Tonight, I am sick with a horrid head cold, sneezing and generally feeling miserable and definitely weak and feeble.  I am thinking that I will do only simple low stress poses.  There is a donkey, a small bench that allows an artist to sit on it, while the front part can be propped up to form an easel.  Its about two foot high and under 4 foot long.  Hmm.  I’m thinking about the possibilities.  We start with short poses, 5 and 10 minutes, and I start thinking about the Raft of the Medusa, lie on the donkey with one knee up, one leg dangling over the other, my head off the end of the donkey and an arm hanging down into space.  Apart from a 30 minute reclining pose, I stick to my muse.  I stand looking for the ship on the horizon, I clamber over the donkey, I sprawl, as corpse-like as possible, across it.  I am re-enacting at least 17 different bodies, dead and alive, the artists don’t know that – well, they wouldn’t if only I stopped saying ‘The Raft of the Medusa’ with glee as I land in another contorted way.  The artists have to cope with lots of unusual foreshortenings, trust their eyes not their head’s interpretation of what a human body is like.  Everyone is happy.

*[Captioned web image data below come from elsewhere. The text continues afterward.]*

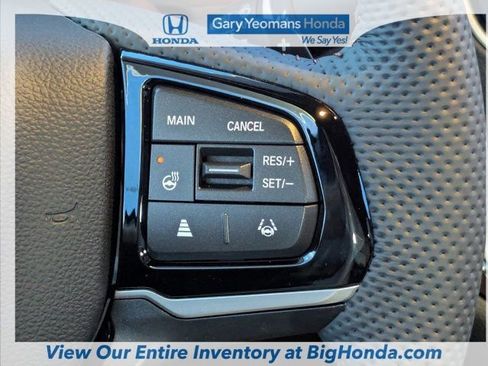 New 2026 Honda Ridgeline Black Edition image 29
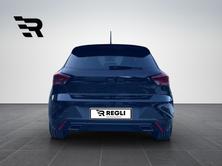 SEAT IBIZA MOVE FR (Netto), Petrol, Second hand / Used, Automatic - 4
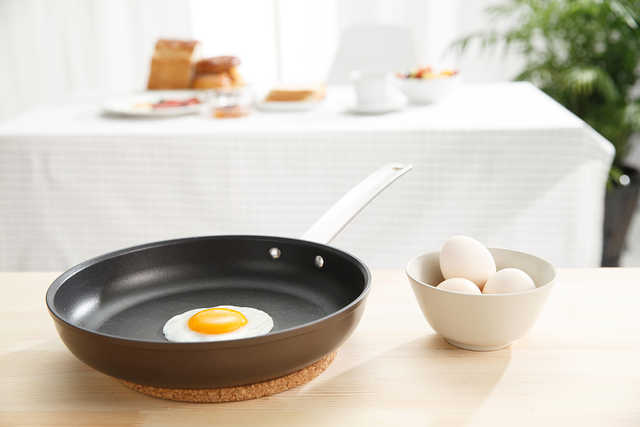 网上买几十块钱的章丘铁锅靠谱吗,假的章丘铁锅真实测评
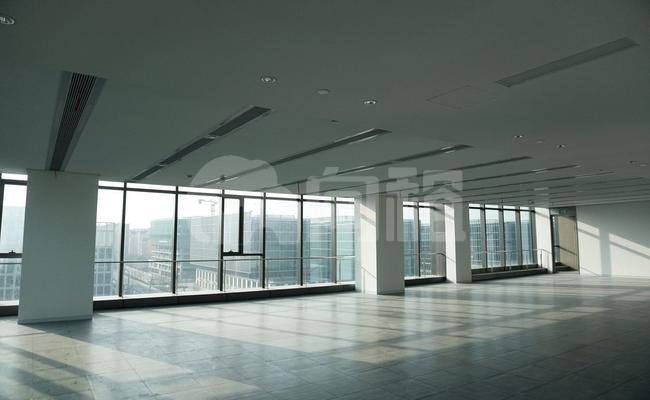 华鑫海欣大厦写字楼 193m²办公室 6.12元/m²/天 中等装修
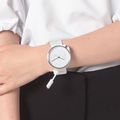 [ประกันร้าน] FILA นาฬิกาข้อมือ รุ่น 38-199-008 Wrist Watch - White - 3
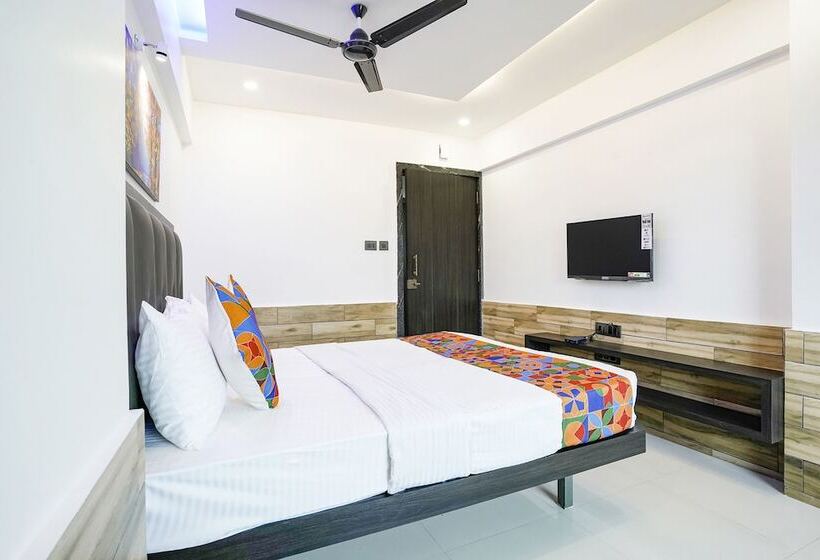 Fabhotel Prestige Elite   Nashik Road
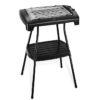 LIFE BBQ King Barbeque standing grill with storage shelf, 2000W | ΜΙΚΡΟΣΥΣΚΕΥΕΣ / ΕΠΟΧΙΑΚΑ / ΛΕΥΚΕΣ ΣΥΣΚΕΥΕΣ | elabstore.gr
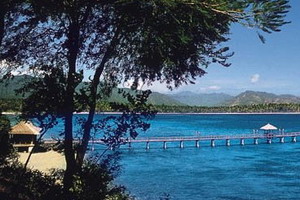 Promotions -  Séjour balnéaire - Indonésie - The Oberoi Lombok 5*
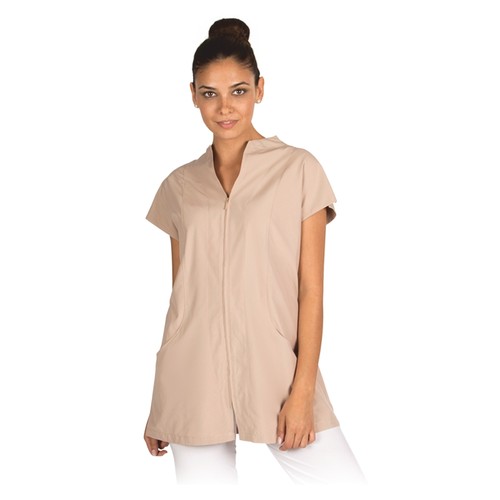 Blouse de travail personnalisée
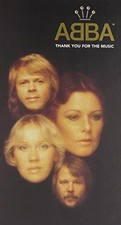 Thank You For The Music - ABBA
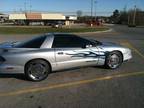 1995 Pontiac trans am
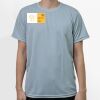 Drifit Roundneck T-shirt Thumbnail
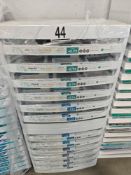 clariti one day toric contact lenses by coopervision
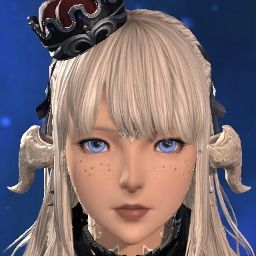 Cressida Gemveil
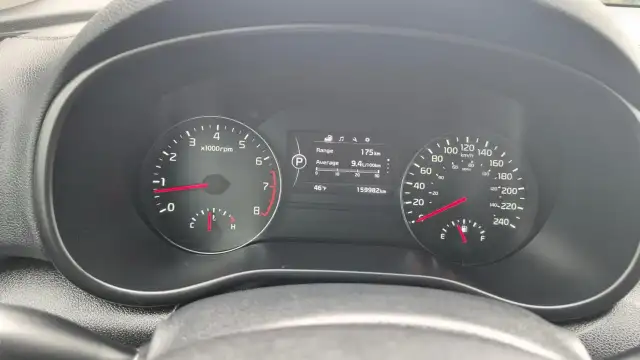 2018 Kia Sportage EX Tech, WELL MAINTAINED, NO ACCIDENT, CERTIFI - Photo 14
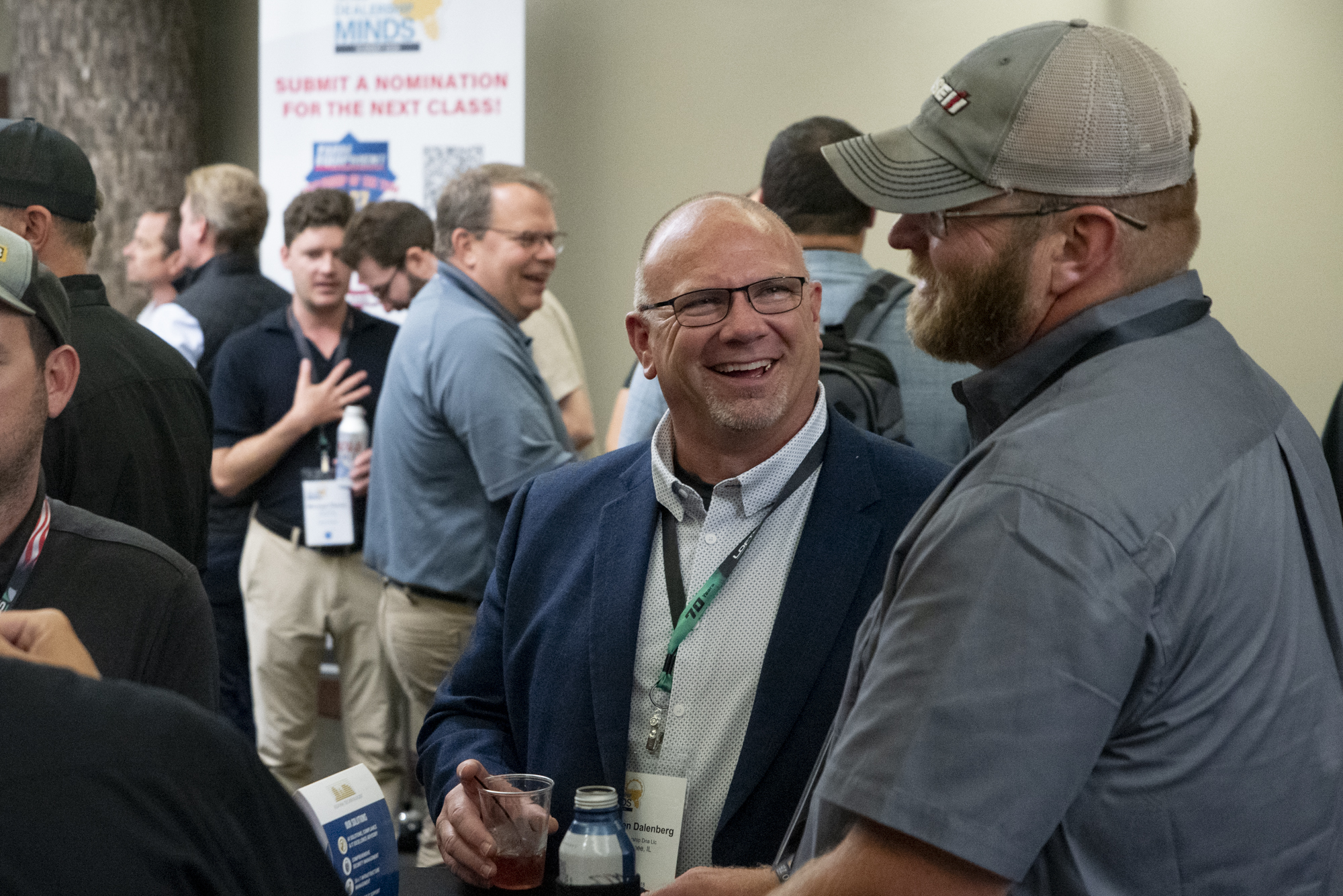 Networking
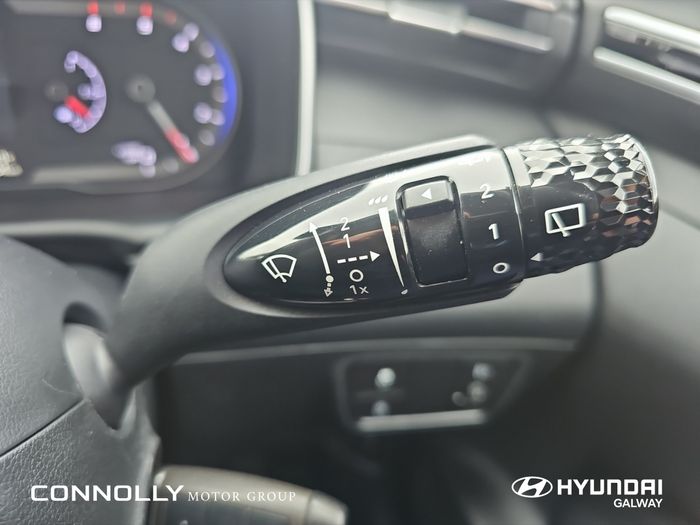 Hyundai Tucson 2024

The images created show that, while I might have been thinking corpses and crowded rafts, the artists were working on their own ideas.  That’s one of the things I most like about modelling – you create a pose and the artist creates their work, somewhere between the two is transformation.  It happened at the last workshop we did on Sunday – 3 people were given an everyday drama and created something artistic.  LaDawn had nicked Carlos’ parking space, they were arguing about it, and David was the peace maker.  Out of this mundane beginning, they formed a pose that could have come out of a Caravaggio of a religious scene.  LaDawn standing, shaking her finger at Carlos, who, on one knee, one arm up entreating, and David with arms outstretched, touching both of them in a clear gesture of reconciliation.  Enacting a scene is liberating, helps you think of poses that mean something through their stance and gesture, and this gives the artists something extra.  Posing for artists is about more than just lounging about naked – its about evoking presence.
Lucy Sullivan, tonight’s tutor, attended one Spirited Bodies workshop and gave great feedback to the participants about their poses and how artists might react to them.  She said that the Spirited Bodies models, all amateur and new to it, were better than professional models she’d booked for her class.  She’d had one model recently who wouldn’t keep still in any pose, and irritated all the artists.  She said that the people modelling at the workshop came up with good poses which they held, were still and a pleasure to draw, and she’d like to work with them again if they wished to after their Spirited Bodies experience.  There could be no better recommendation.  The artists coming on Saturday 20 October are in for a treat.
Looking again at the Raft of the Medusa, I can see that I got the arms the wrong way round for the man spotting the ship on the horizon and there were some more twisty poses that I missed out.  I shall have another go another time.  Some of the images are creased, that’s because the artists had thrown them away – life drawing for artists is like doing scales and arpeggios is for musicians, an essential way of keeping in practice, maintaining and developing technique, a building block not the end itself.  I rather like rootling round in the rubbish bin after an evening’s posing, you never know what you will find.  Sometimes you are amazed at what artists will throw away – other times equally amazed at what they will keep.